The compute-power claim
Speaking without providing a specific timeline or methodology, Bessent asserted that the U.S. share of global compute capacity will soon reach four-fifths. Compute power — the raw processing ability used to train and run AI models — has become a key metric in the technology competition between Washington and Beijing. The Treasury secretary did not cite a source for the current 60% figure or explain how the increase would be achieved.
Why compute matters
Governments and tech companies alike treat access to high-performance computing as a strategic asset. More compute allows faster model training, larger datasets, and more sophisticated AI applications.
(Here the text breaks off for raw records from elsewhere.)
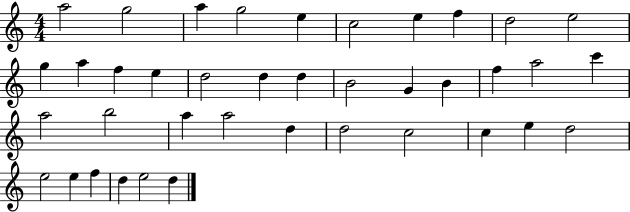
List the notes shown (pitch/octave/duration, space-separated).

A5/h G5/h A5/q G5/h E5/q C5/h E5/q F5/q D5/h E5/h G5/q A5/q F5/q E5/q D5/h D5/q D5/q B4/h G4/q B4/q F5/q A5/h C6/q A5/h B5/h A5/q A5/h D5/q D5/h C5/h C5/q E5/q D5/h E5/h E5/q F5/q D5/q E5/h D5/q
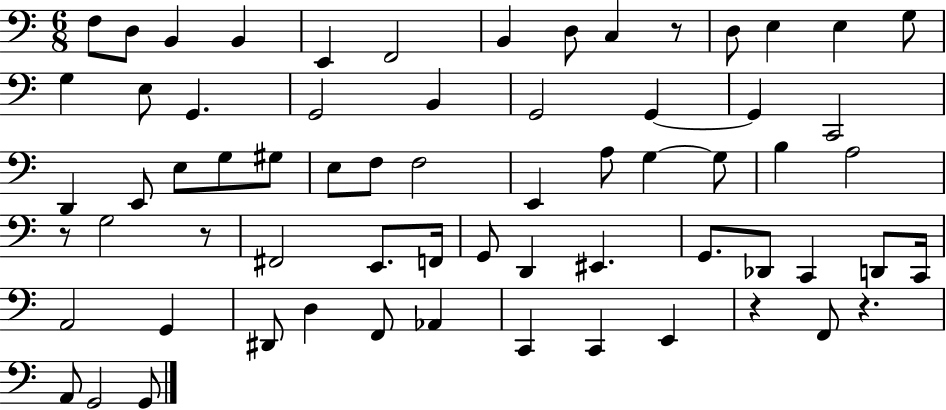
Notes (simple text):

F3/e D3/e B2/q B2/q E2/q F2/h B2/q D3/e C3/q R/e D3/e E3/q E3/q G3/e G3/q E3/e G2/q. G2/h B2/q G2/h G2/q G2/q C2/h D2/q E2/e E3/e G3/e G#3/e E3/e F3/e F3/h E2/q A3/e G3/q G3/e B3/q A3/h R/e G3/h R/e F#2/h E2/e. F2/s G2/e D2/q EIS2/q. G2/e. Db2/e C2/q D2/e C2/s A2/h G2/q D#2/e D3/q F2/e Ab2/q C2/q C2/q E2/q R/q F2/e R/q. A2/e G2/h G2/e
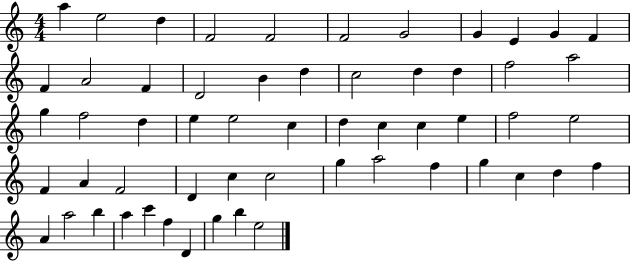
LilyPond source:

{
  \clef treble
  \numericTimeSignature
  \time 4/4
  \key c \major
  a''4 e''2 d''4 | f'2 f'2 | f'2 g'2 | g'4 e'4 g'4 f'4 | \break f'4 a'2 f'4 | d'2 b'4 d''4 | c''2 d''4 d''4 | f''2 a''2 | \break g''4 f''2 d''4 | e''4 e''2 c''4 | d''4 c''4 c''4 e''4 | f''2 e''2 | \break f'4 a'4 f'2 | d'4 c''4 c''2 | g''4 a''2 f''4 | g''4 c''4 d''4 f''4 | \break a'4 a''2 b''4 | a''4 c'''4 f''4 d'4 | g''4 b''4 e''2 | \bar "|."
}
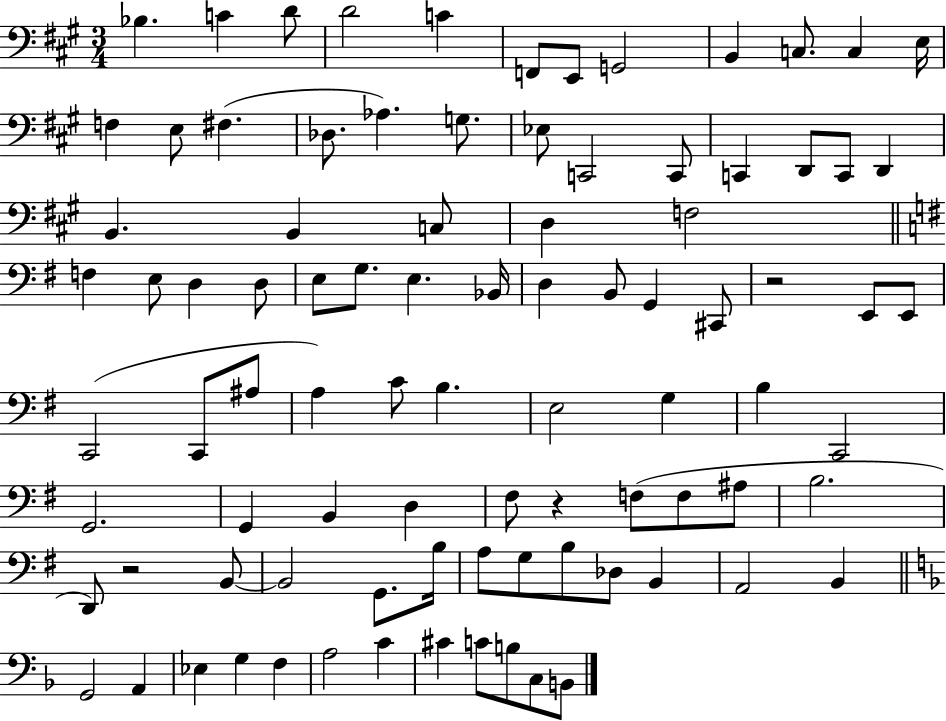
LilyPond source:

{
  \clef bass
  \numericTimeSignature
  \time 3/4
  \key a \major
  \repeat volta 2 { bes4. c'4 d'8 | d'2 c'4 | f,8 e,8 g,2 | b,4 c8. c4 e16 | \break f4 e8 fis4.( | des8. aes4.) g8. | ees8 c,2 c,8 | c,4 d,8 c,8 d,4 | \break b,4. b,4 c8 | d4 f2 | \bar "||" \break \key e \minor f4 e8 d4 d8 | e8 g8. e4. bes,16 | d4 b,8 g,4 cis,8 | r2 e,8 e,8 | \break c,2( c,8 ais8 | a4) c'8 b4. | e2 g4 | b4 c,2 | \break g,2. | g,4 b,4 d4 | fis8 r4 f8( f8 ais8 | b2. | \break d,8) r2 b,8~~ | b,2 g,8. b16 | a8 g8 b8 des8 b,4 | a,2 b,4 | \break \bar "||" \break \key d \minor g,2 a,4 | ees4 g4 f4 | a2 c'4 | cis'4 c'8 b8 c8 b,8 | \break } \bar "|."
}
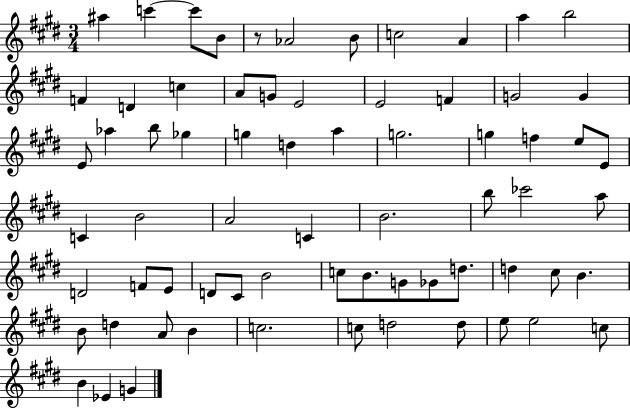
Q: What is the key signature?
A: E major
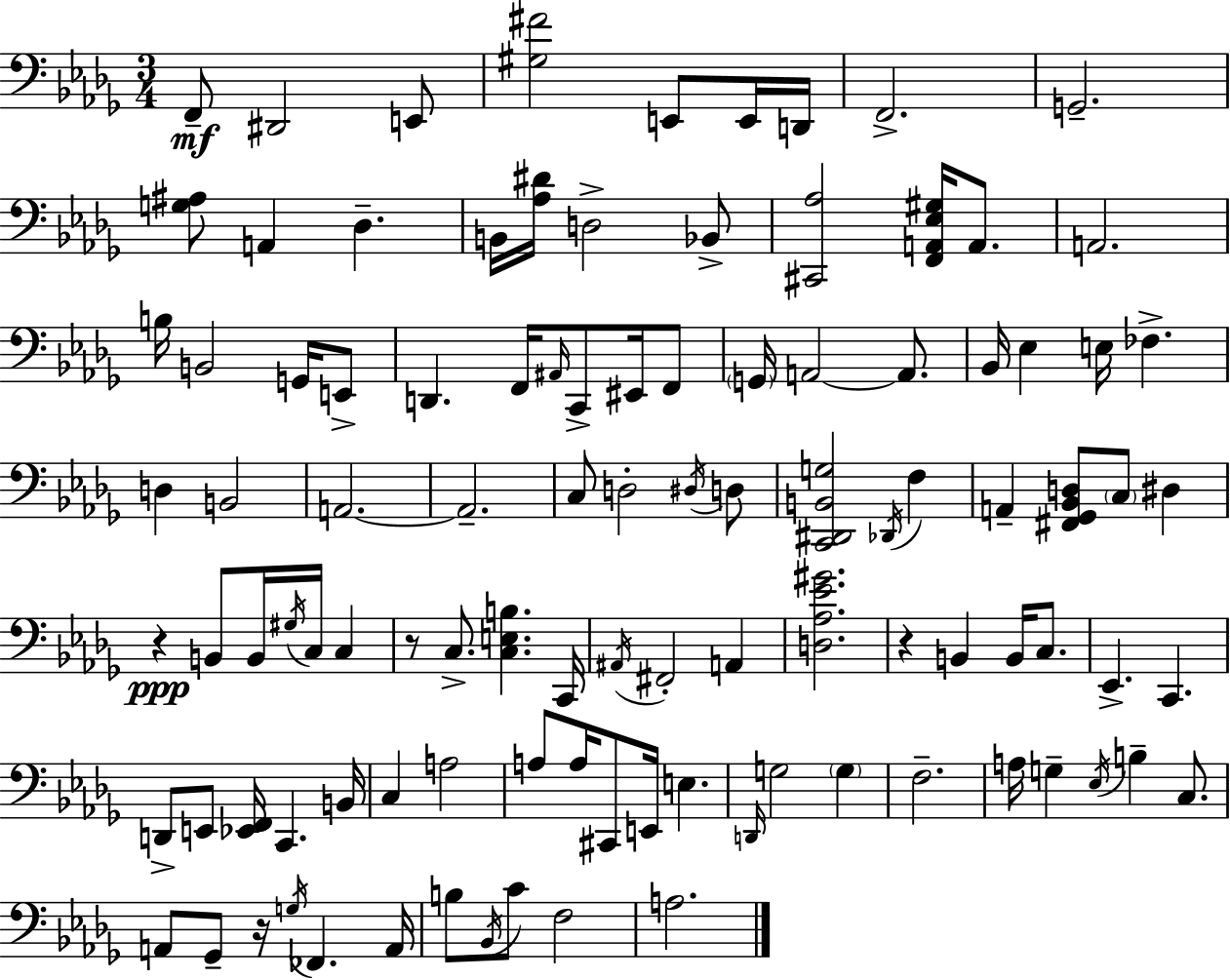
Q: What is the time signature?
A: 3/4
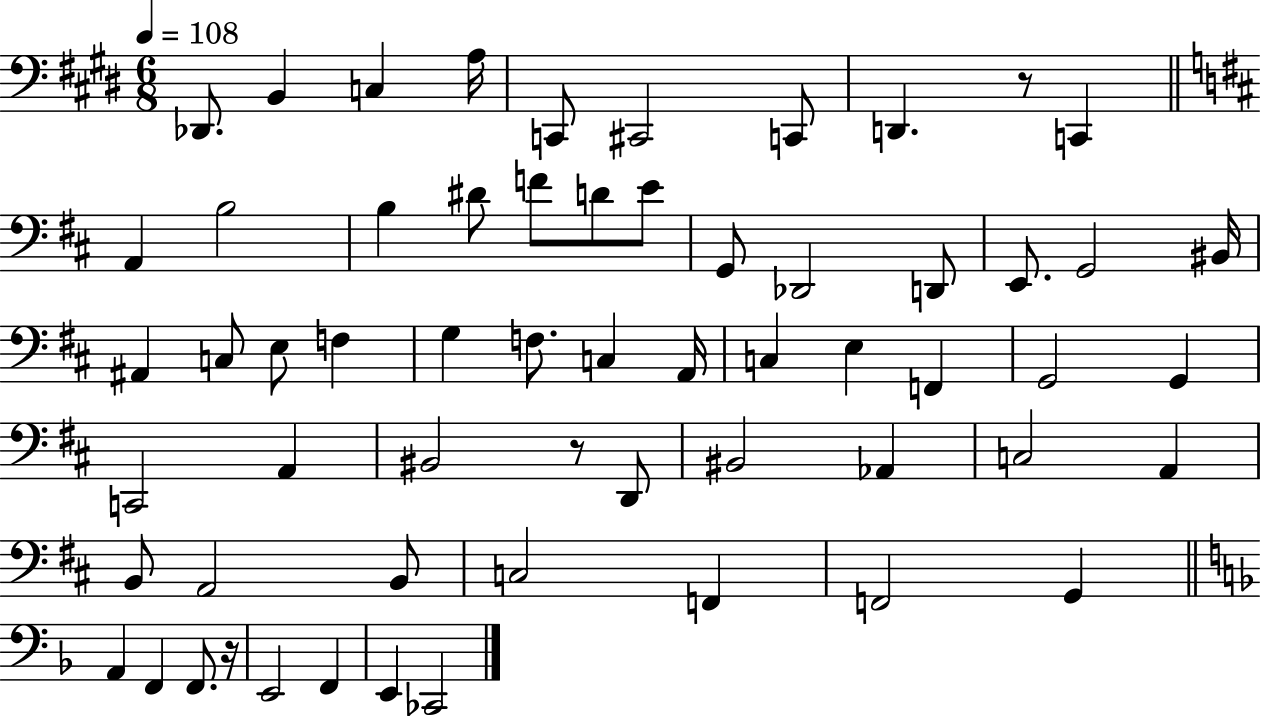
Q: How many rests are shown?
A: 3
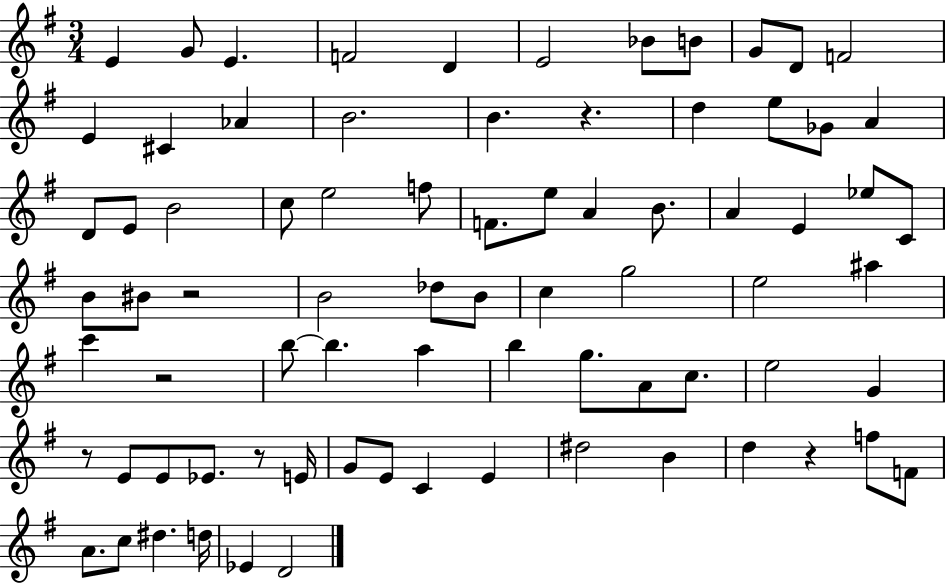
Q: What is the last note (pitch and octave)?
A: D4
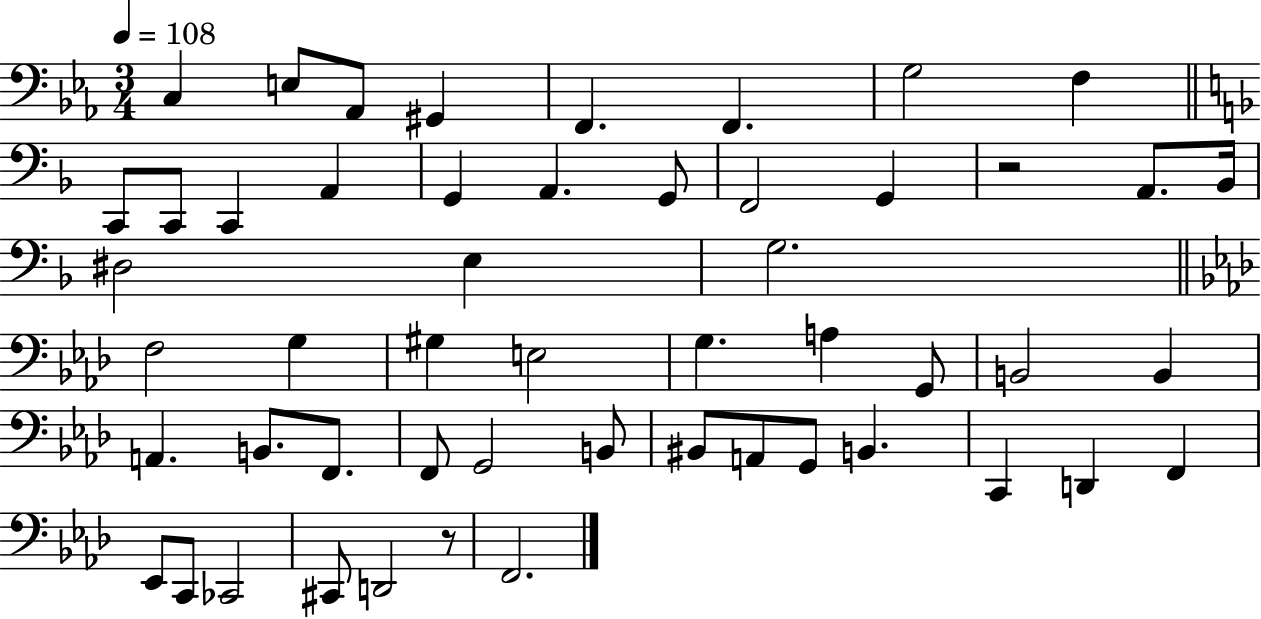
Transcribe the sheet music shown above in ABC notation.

X:1
T:Untitled
M:3/4
L:1/4
K:Eb
C, E,/2 _A,,/2 ^G,, F,, F,, G,2 F, C,,/2 C,,/2 C,, A,, G,, A,, G,,/2 F,,2 G,, z2 A,,/2 _B,,/4 ^D,2 E, G,2 F,2 G, ^G, E,2 G, A, G,,/2 B,,2 B,, A,, B,,/2 F,,/2 F,,/2 G,,2 B,,/2 ^B,,/2 A,,/2 G,,/2 B,, C,, D,, F,, _E,,/2 C,,/2 _C,,2 ^C,,/2 D,,2 z/2 F,,2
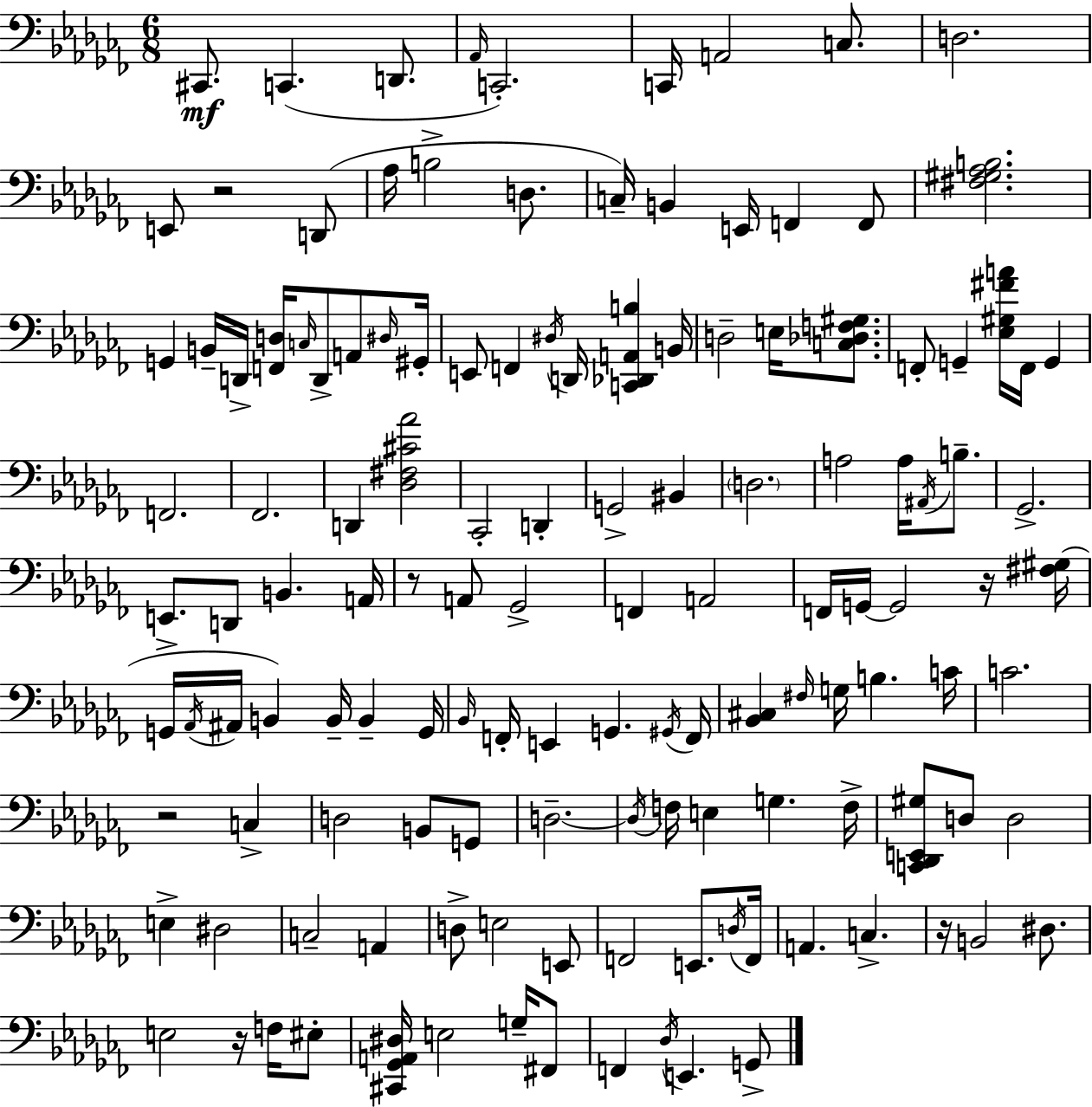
{
  \clef bass
  \numericTimeSignature
  \time 6/8
  \key aes \minor
  \repeat volta 2 { cis,8.\mf c,4.( d,8. | \grace { aes,16 } c,2.-.) | c,16 a,2 c8. | d2. | \break e,8 r2 d,8( | aes16 b2-> d8. | c16--) b,4 e,16 f,4 f,8 | <fis gis aes b>2. | \break g,4 b,16-- d,16-> <f, d>16 \grace { c16 } d,8-> a,8 | \grace { dis16 } gis,16-. e,8 f,4 \acciaccatura { dis16 } d,16 <c, des, a, b>4 | b,16 d2-- | e16 <c des f gis>8. f,8-. g,4-- <ees gis fis' a'>16 f,16 | \break g,4 f,2. | fes,2. | d,4 <des fis cis' aes'>2 | ces,2-. | \break d,4-. g,2-> | bis,4 \parenthesize d2. | a2 | a16 \acciaccatura { ais,16 } b8.-- ges,2.-> | \break e,8.-> d,8 b,4. | a,16 r8 a,8 ges,2-> | f,4 a,2 | f,16 g,16~~ g,2 | \break r16 <fis gis>16( g,16 \acciaccatura { aes,16 } ais,16 b,4) | b,16-- b,4-- g,16 \grace { bes,16 } f,16-. e,4 | g,4. \acciaccatura { gis,16 } f,16 <bes, cis>4 | \grace { fis16 } g16 b4. c'16 c'2. | \break r2 | c4-> d2 | b,8 g,8 d2.--~~ | \acciaccatura { d16 } f16 e4 | \break g4. f16-> <c, des, e, gis>8 | d8 d2 e4-> | dis2 c2-- | a,4 d8-> | \break e2 e,8 f,2 | e,8. \acciaccatura { d16 } f,16 a,4. | c4.-> r16 | b,2 dis8. e2 | \break r16 f16 eis8-. <cis, ges, a, dis>16 | e2 g16-- fis,8 f,4 | \acciaccatura { des16 } e,4. g,8-> | } \bar "|."
}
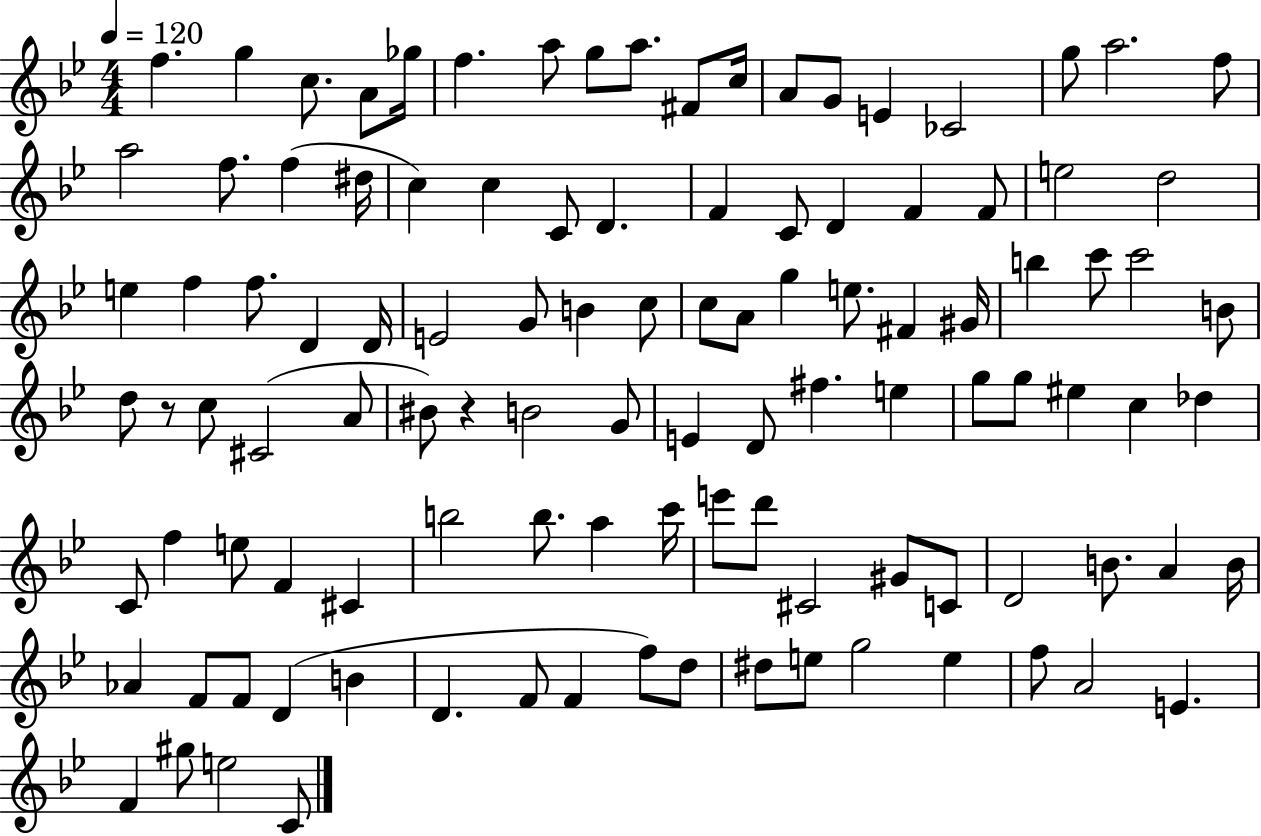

The U.S. has already restricted exports of advanced chips to China, and the Biden administration imposed curbs on semiconductor equipment. Bessent's remarks suggest the next administration will continue to prioritize compute supremacy as a lever of economic and national security policy.
China's response
Beijing has invested heavily in domestic chip production and alternative computing architectures, but it still lags behind the U.S. in cutting-edge fabrication. Chinese officials have not yet responded to Bessent's latest claim. The gap in compute power, if it widens as predicted, could deepen the technological decoupling between the two largest economies.
What comes next
Bessent did not announce new policies or funding. The Treasury Department is expected to release a broader economic strategy document later this year that may include details on how the U.S. plans to sustain its compute advantage. For now, the 80% target remains a political statement — one that will be tested by China's own investments and by the pace of American infrastructure buildout.